* Records shown:
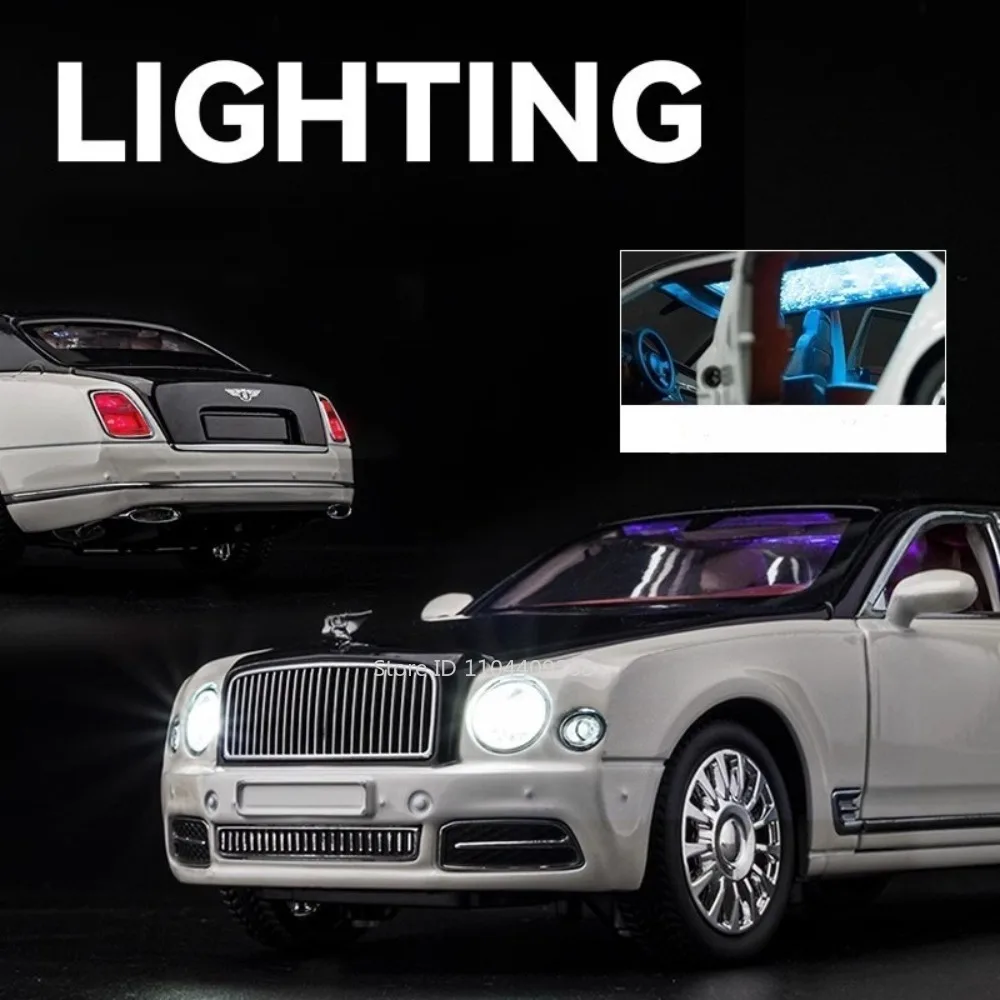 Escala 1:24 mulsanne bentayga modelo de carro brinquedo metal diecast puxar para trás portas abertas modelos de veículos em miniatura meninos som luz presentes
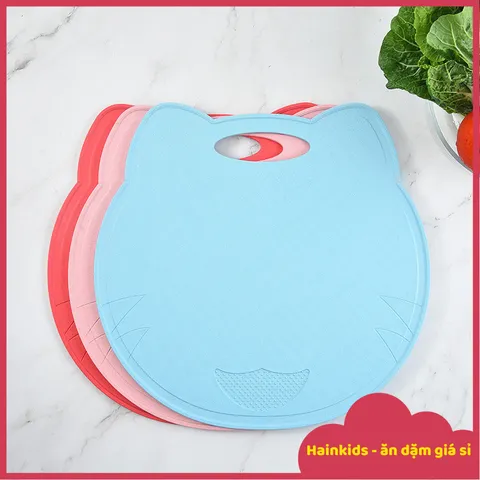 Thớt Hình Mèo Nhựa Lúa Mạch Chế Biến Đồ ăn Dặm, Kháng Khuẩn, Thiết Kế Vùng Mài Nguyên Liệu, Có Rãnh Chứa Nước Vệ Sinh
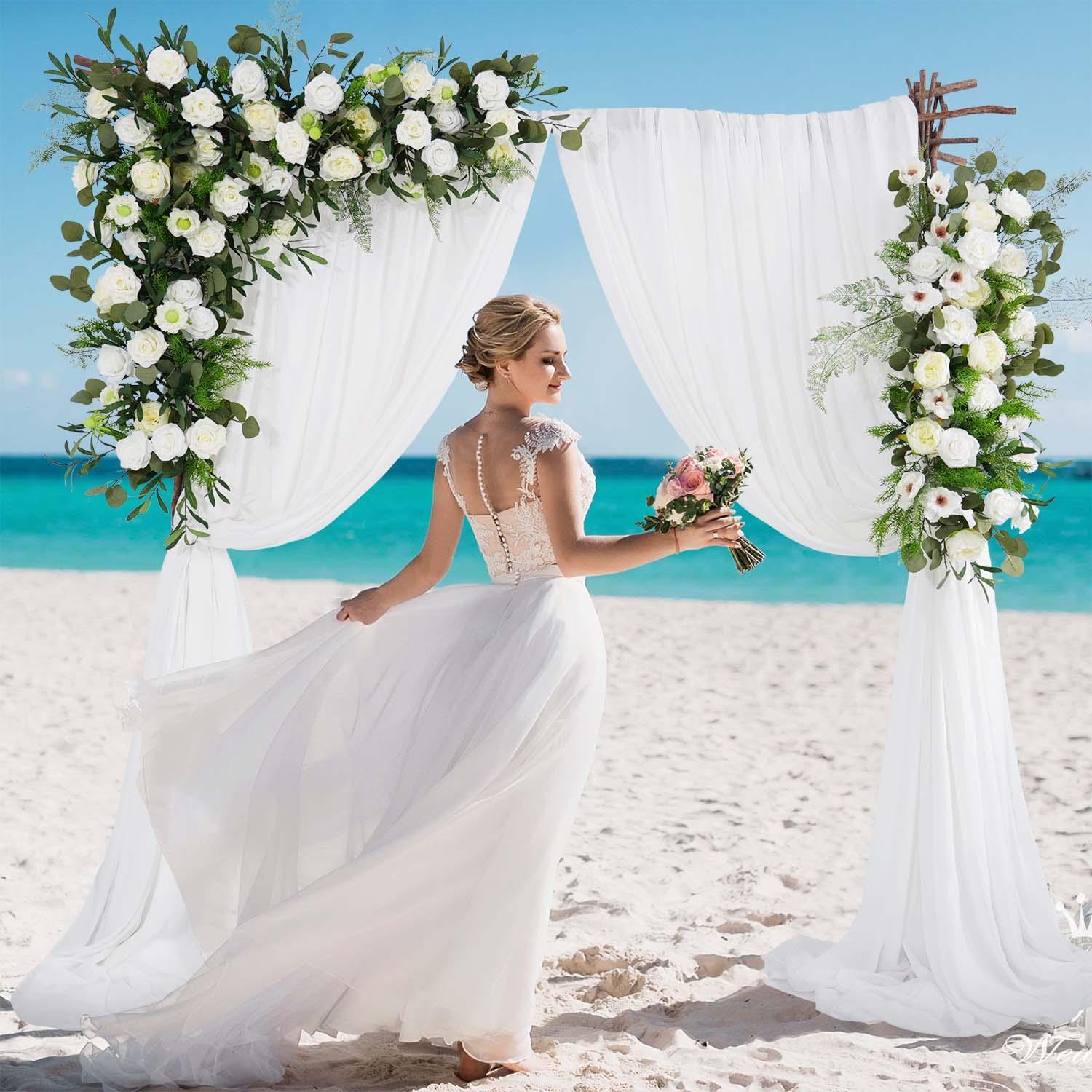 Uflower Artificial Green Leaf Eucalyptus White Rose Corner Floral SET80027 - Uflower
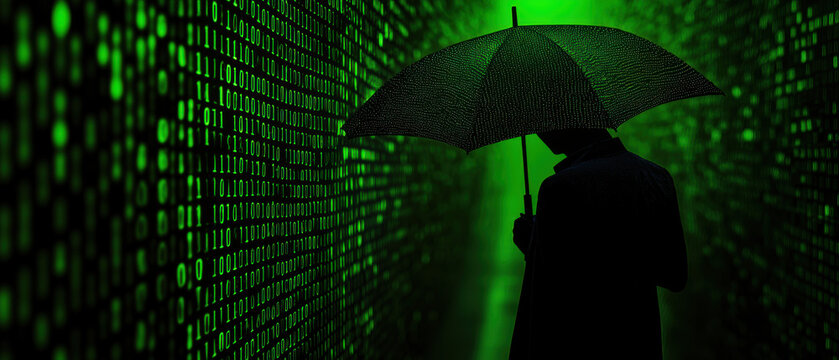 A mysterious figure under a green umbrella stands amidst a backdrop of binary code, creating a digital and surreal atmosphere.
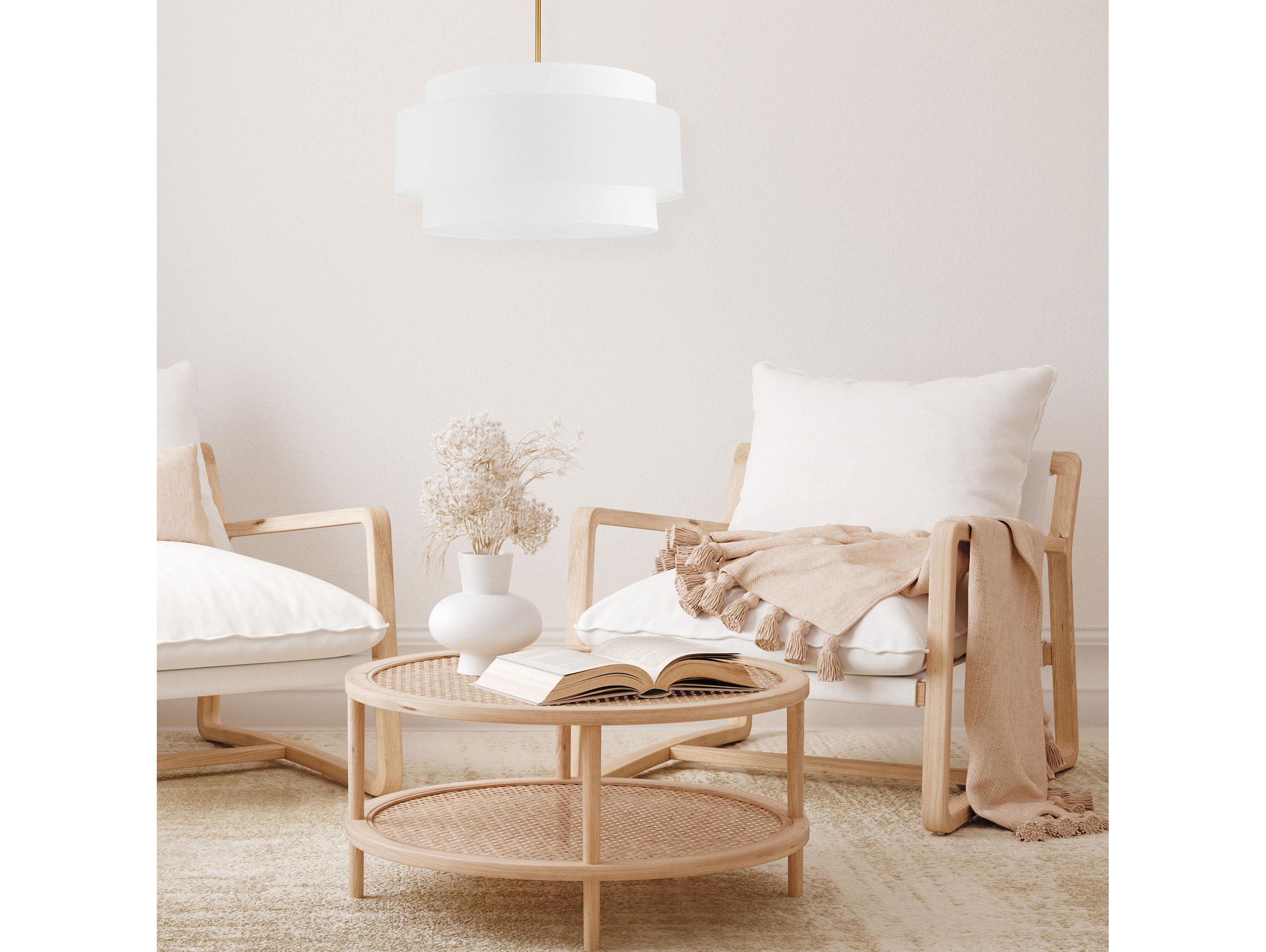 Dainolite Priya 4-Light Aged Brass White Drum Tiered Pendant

* Task goal: Your answer must be the lines from the one containing "A mysterious figure" through the last line of the records, copied exactly, with no pictures.

* Written response:
 A mysterious figure under a green umbrella stands amidst a backdrop of binary code, creating a digital and surreal atmosphere.
 Dainolite Priya 4-Light Aged Brass White Drum Tiered Pendant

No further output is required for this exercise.